Binary encoding of GeoGig objects

This is the format used for internal storage in the GeoGig object store.


Formats are specified using a modified Backus-Naur notation. Definitions generally take the form:

<structure> := part1 part2 part3

Indicating that the structure has three parts. The parts can be:

  • Another structure, referenced by name.

  • One of these specially defined structures

    NUL       := 0x00 (ASCII NUL character)
    SP        := 0x20 (ASCII space character)
    BR        := 0x0a (ASCII newline character)
    <rev>     := <byte>* (exactly 20 bytes)
    <utf8>    := <int16> <byte>* (two-byte count followed by the number
                                  of bytes indicated by the count.
                                  These should then be decoded as
                                  modified UTF-8, as seen in the
                                  readUTF and writeUTF methods in the
                                  in the Java Standard Library.)
    <byte>    := (8 bit byte)
    <int16>   := (16 bit signed integer, "short" in Java)
    <int32>   := (32 bit signed integer, "int" in Java)
    <int64>   := (64 bit signed integer, "long" in Java)
    <float32> := (32 bit IEEE floating point value, "float" in Java)
    <float64> := (64 bit IEEE floating point value, "double" in Java)
  • A literal byte sequence. These are generally used as markers and are represented as text in double quotes (). These markers will always be constrained to printable ASCII characters and should be encoded as ASCII, one byte per character.
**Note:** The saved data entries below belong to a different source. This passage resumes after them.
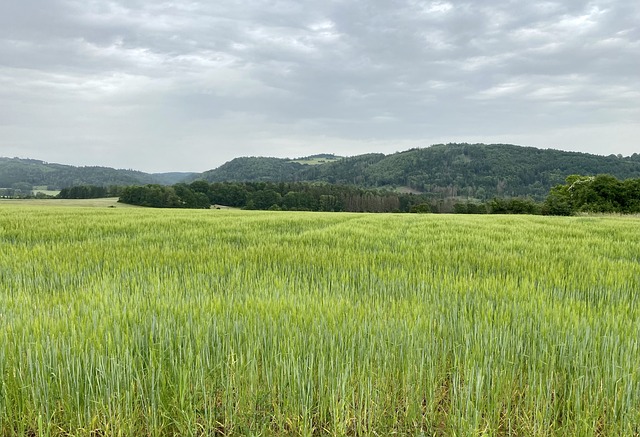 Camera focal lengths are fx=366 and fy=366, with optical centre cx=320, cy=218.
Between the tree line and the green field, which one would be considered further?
the tree line

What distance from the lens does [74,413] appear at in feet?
5.81

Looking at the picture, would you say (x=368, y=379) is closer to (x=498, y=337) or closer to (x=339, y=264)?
(x=498, y=337)

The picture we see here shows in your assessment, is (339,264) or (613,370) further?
(339,264)

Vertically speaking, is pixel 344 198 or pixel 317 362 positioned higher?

  • A literal byte, specified as a hexidecimal string (for example, 0xFF).

  • any of the above suffixed by a modifier:

    • An asterisk (*) to indicate 0 or more repetitions
    • A number in brackets ([]) to indicate a specific number of repetitions.
  • Comments sometimes appear to clarify the intent of certain structures. These will be enclosed in parentheses (()).


commit := commitHeader treeRef parent* authorLine committerLine message
commitHeader := "commit" NUL
treeRef := 0x01 <rev>
parent  := 0x02 <rev>
authorLine := 0x03 person
committerLine := 0x04 person
person := name email timestamp tzOffset
name := <utf8>
email := <utf8>
timestamp := <int64>
tzOffset := <int32>
message := <utf8>



In representing trees we split the count of tree contents into three fields: features, trees, and buckets. Because of the way GeoGig builds trees, buckets must be zero when either of the other two fields is nonzero.

We should probably document how exactly GeoGig builds trees :)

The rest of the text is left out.